= ACTION ITEM =
Word for word, restate the listing; omit the pictures.

= INFORMATION SUPPLIED =
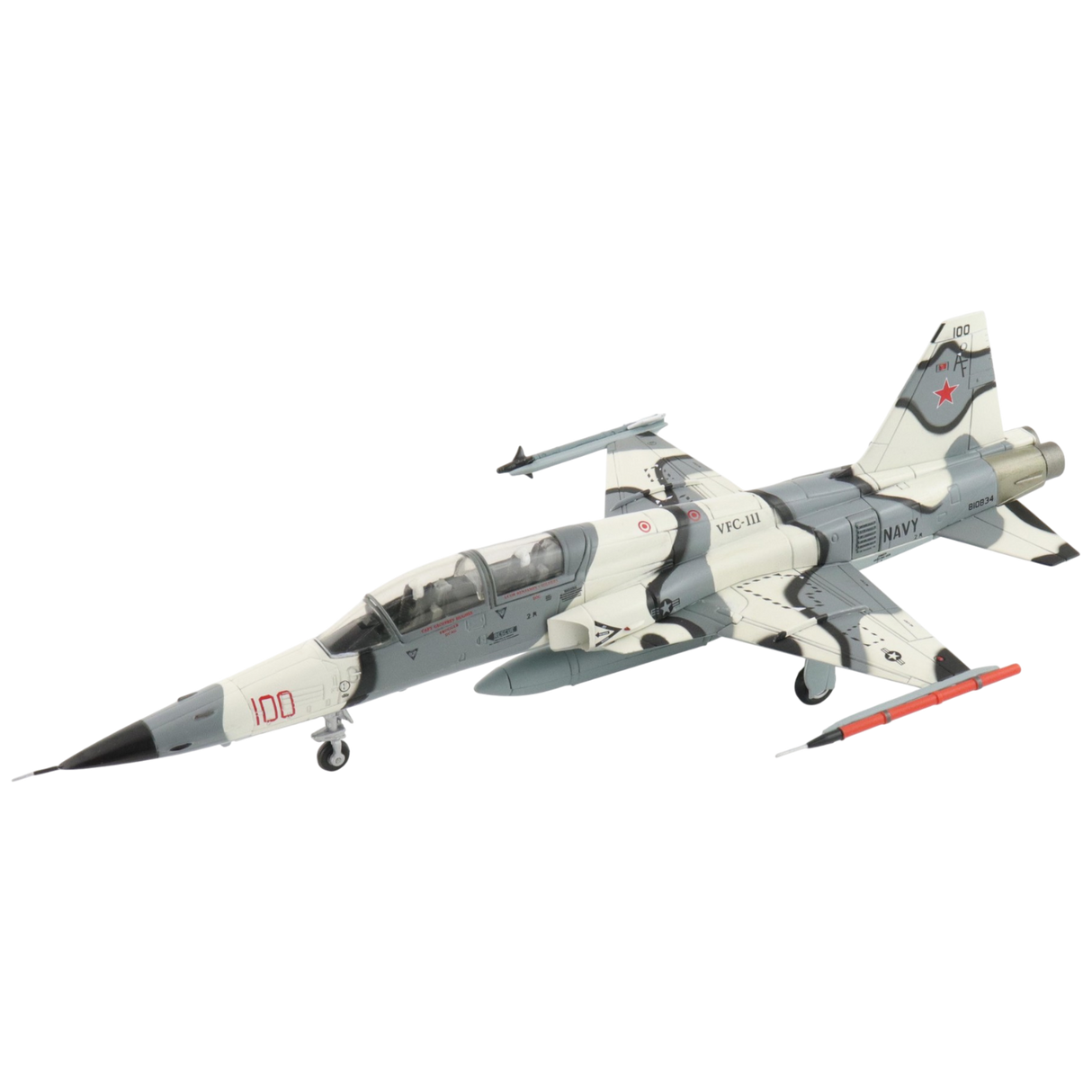 Northrop F-5F Franken Tiger - 810834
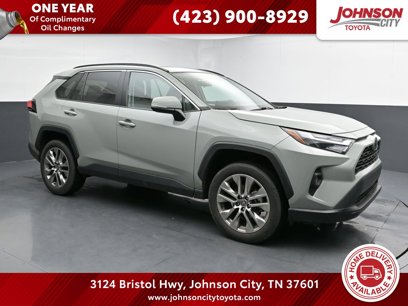 Used 2023 Toyota RAV4 XLE Premium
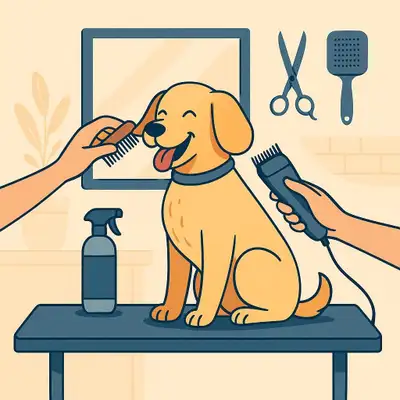 An established and profitable pet grooming business is available for acquisition in Abbotsford, BC....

= EXERCISE ANSWER =
 Northrop F-5F Franken Tiger - 810834
 Used 2023 Toyota RAV4 XLE Premium
 An established and profitable pet grooming business is available for acquisition in Abbotsford, BC....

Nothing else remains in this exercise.